━━━ GIVEN MATERIAL ━━━

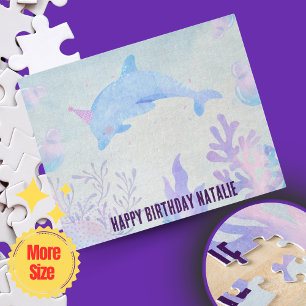 Gepersonaliseerde Blue Waterverf Zee en Delphine Legpuzzel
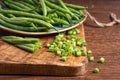 Green young stalks of beans. Green diet. Super food. Vegetarianism. Raw food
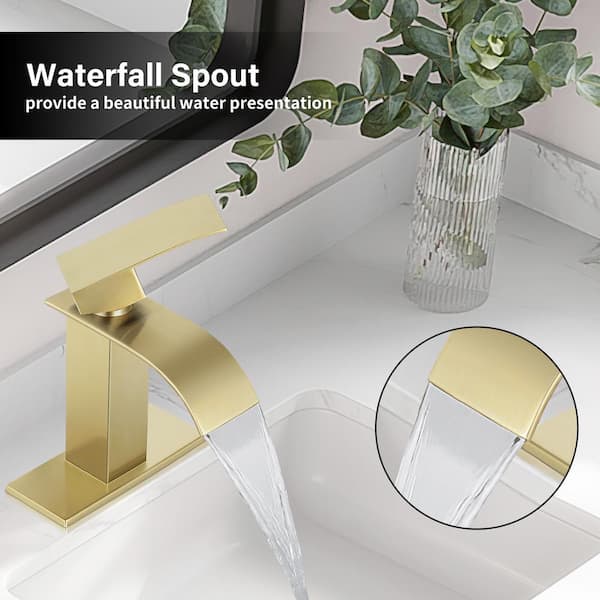 Waterfall Spout 1-Handle Low Arc 1-Hole Bathroom Faucet with Deckplate Included in Brushed Gold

━━━

ACTION ITEM » The listing above is to be retyped exactly, with all pictures left out.

WRITTEN ANSWER »
 Gepersonaliseerde Blue Waterverf Zee en Delphine Legpuzzel
 Green young stalks of beans. Green diet. Super food. Vegetarianism. Raw food
 Waterfall Spout 1-Handle Low Arc 1-Hole Bathroom Faucet with Deckplate Included in Brushed Gold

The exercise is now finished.